Vous comprenez maintenant pourquoi le moment présent était devenu une stratégie pour éviter de tomber dans la souffrance et le désespoir. Aujourd’hui, je n’ai plus rien à fuir, car la vie est un véritable plaisir et comme rien ne me tracasse, si je vais dans le passé, c’est pour évoquer des moments amusants ou aller y chercher de l’expérience dénuée d’émotions négatives. Et comme je me projette dans un futur radieux, je suis souvent dans l’instant présent, écoutant pousser mes cheveux ou regardant croître mon gazon. Je ne suis plus un lapin terrifié par une meute de loup, puisqu’étant devenu loup « dominant » qui ne dévore pas les lapins effrayés. Je souris aussi quand je suis en vacances dans un pays chaud et que j’entends des vacanciers énoncer sur un ton dévasté : « Il ne nous reste que deux jours de vacances ! ». Quand j’en ai l’opportunité, sans être envahissante, je leur fais remarquer qu’il leur reste ENCORE deux jours et que la bonne idée est d’en profiter jusqu’au moment de remonter dans le bus qui les conduit vers l’aéroport.
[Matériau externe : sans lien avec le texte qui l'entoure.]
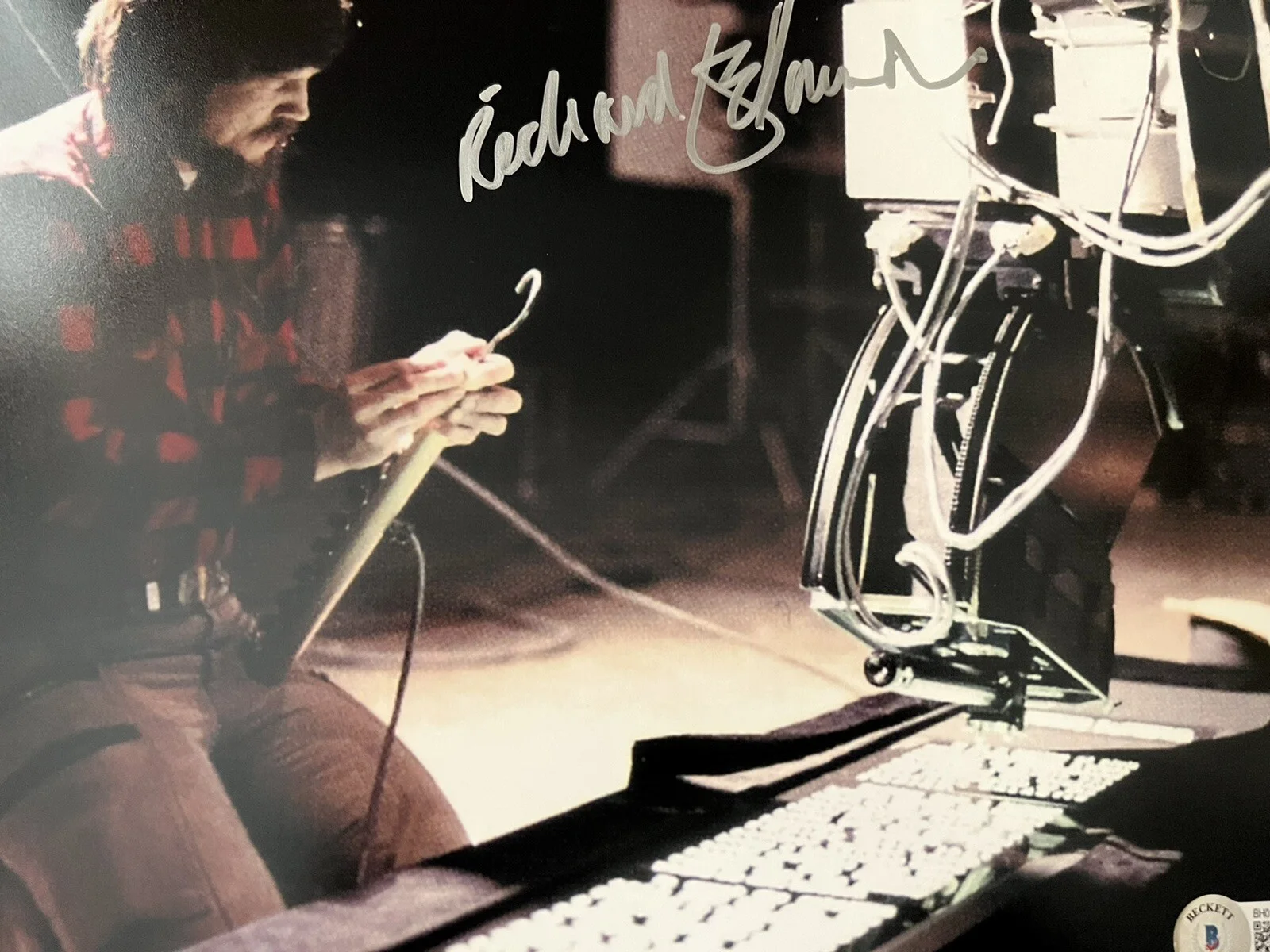 RICHARD EDLUND — RARE RICHARD ENDLUND HAND SIGNED AUTOGRAPHED ILM LEGEND STAR WARS BECKETT COA, image 2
Le moment présent, tout le monde peut y accéder en faisant ce simple exercice de remarquer qu’au moment où vous me lisez, vous êtes en sécurité et que vous avez certainement de belles choses dans votre vie : dans cet espace/temps, vous pouvez goûter à la sérénité, votre corps est tranquille, votre esprit aussi (le hamster est figé) et vous pouvez observer la magie de la vie et de la nature : TOUT VA BIEN ! Libérez-vous aussi de votre montre (pure invention de l’être humain moderne) pour éviter d’associer le moment présent à un quelconque temps : celui-ci n’existe pas. Et le bien le plus précieux, c’est d’avoir le temps de ne pas compter les minutes qui ne peuvent sanctionner l’instant présent : jouir d’être en vie et en prendre conscience.